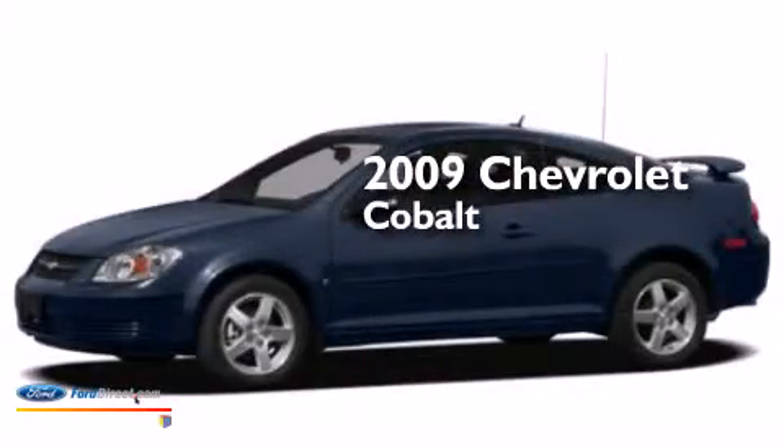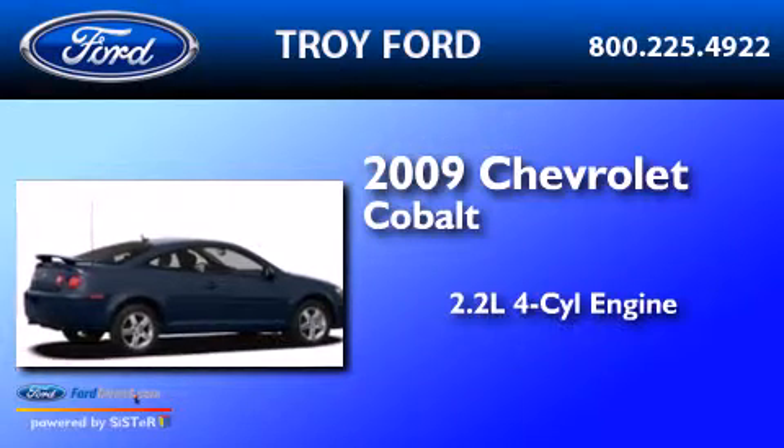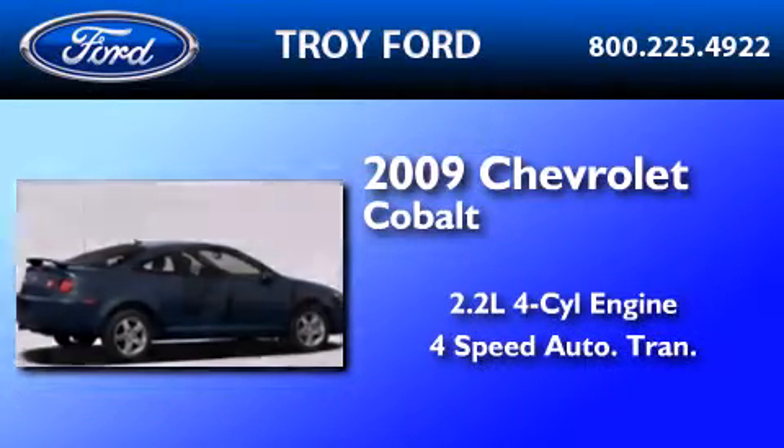This is a 2009 Chevrolet Cobalt. It has a 2.2-liter four-cylinder engine and a four-speed automatic transmission.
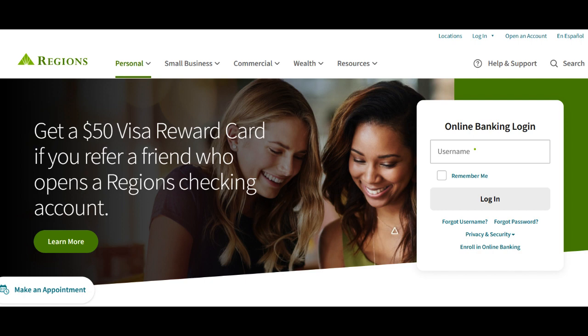Regions Bank also provides robust online and mobile banking platforms, making it convenient for customers to manage their money market accounts. These digital tools enable account holders to check balances, review transactions, and initiate transfers with ease, enhancing the overall banking experience.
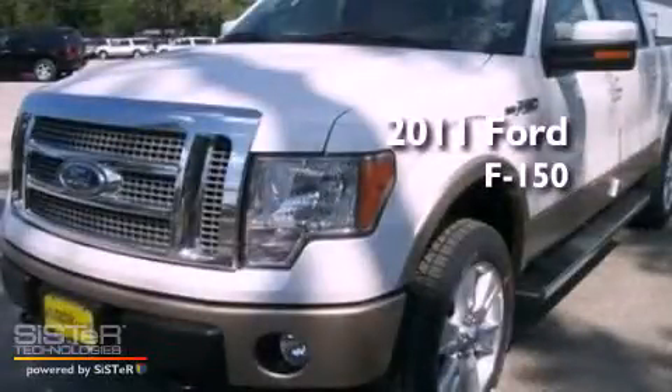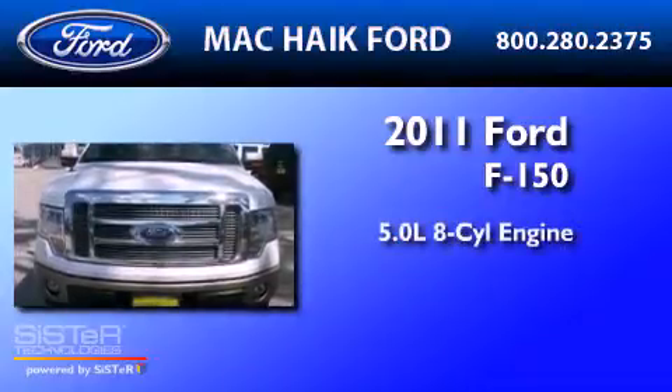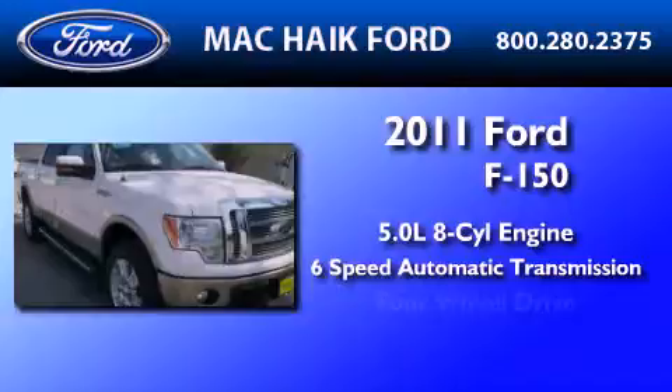This is a brand new 2011 Ford F-150. It features a 5.0 liter, 8-cylinder engine, a 6-speed automatic transmission, and 4-wheel drive.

### WHAT THE TASK REQUIRES
Repeat the full listing above exactly, with no pictures in the copy.

### YOUR RESPONSE
This is a 2009 Chevrolet Cobalt. It has a 2.2-liter four-cylinder engine and a four-speed automatic transmission.
Regions Bank also provides robust online and mobile banking platforms, making it convenient for customers to manage their money market accounts. These digital tools enable account holders to check balances, review transactions, and initiate transfers with ease, enhancing the overall banking experience.
This is a brand new 2011 Ford F-150. It features a 5.0 liter, 8-cylinder engine, a 6-speed automatic transmission, and 4-wheel drive.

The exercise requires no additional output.